I'm doing an R exercise on data extraction from a data frame. The data is as follows:
team_name <- c("Bulls", "Warriors")
wins <- c(72, 73)
losses <- c(10, 9)
is_champion <- c(TRUE, FALSE)
season <- c("1995-96", "2015-16")
great_nba_teams <- data.frame(team_name, wins, losses, is_champion, season)
There is no problem in extracting a row and I understand the need of a comma after the vector name in the code:
filter <- great_nba_teams$is_champion == TRUE
great_nba_teams[filter,]
team_name wins losses is_champion season
1 Bulls 72 10 TRUE 1995-96
However, when I tried not using a comma, I can't extract the is_champion
column.
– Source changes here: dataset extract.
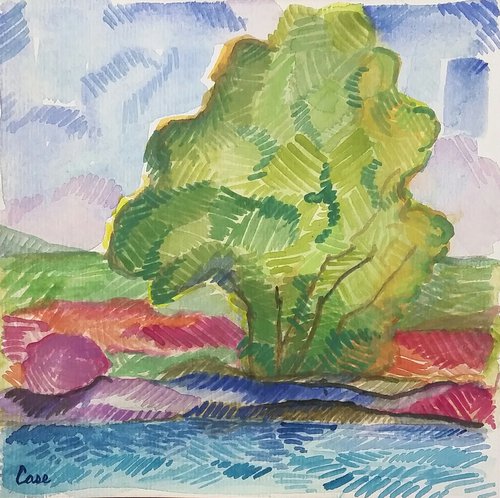 "Try" - Landscape - Trees - Colorful by Katrina Case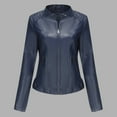 thumbnail image 4 of Faux Leather Coat Women Plus Size Zip Up Slim Fitted Bomber Jacket Women's Casual Fashion Belted Motorcycle Jacket, 4 of 6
Instead, other columns are returned.
> great_nba_teams[filter]
team_name losses season
1 Bulls 10 1995-96
2 Warriors 9 2015-16
That is the same as great_nba_teams[,filter]
. Can I know what it means by [filter]
and why it is the same as [,filter]
? And why the code does not return the data of is_champion
?
Thank you very much.
A data frame is a list of columns (which are usually vectors, and must all be of the same length). So when you use
great_nba_teams[filter]
it returns the list elements (i.e. columns) where filter is TRUE. This is not correct since filter is intended to be applied to rows, not columns. Filter is actually c(TRUE, FALSE), only 2 elements long, so it gets recycled to length 5, i.e. c(TRUE, FALSE, TRUE, FALSE, TRUE) which is why you get the odd numbered columns.
great_nba_teams[,filter]
returns all the rows for the columns where filter is TRUE. Also not what is intended by filter.
great_nba_teams[filter,]
returns only the rows where filter is TRUE, but all the columns.
PS: Don't use 'filter' as a variable name, since it is a common function name. I usually use 'i' for this kind of filter.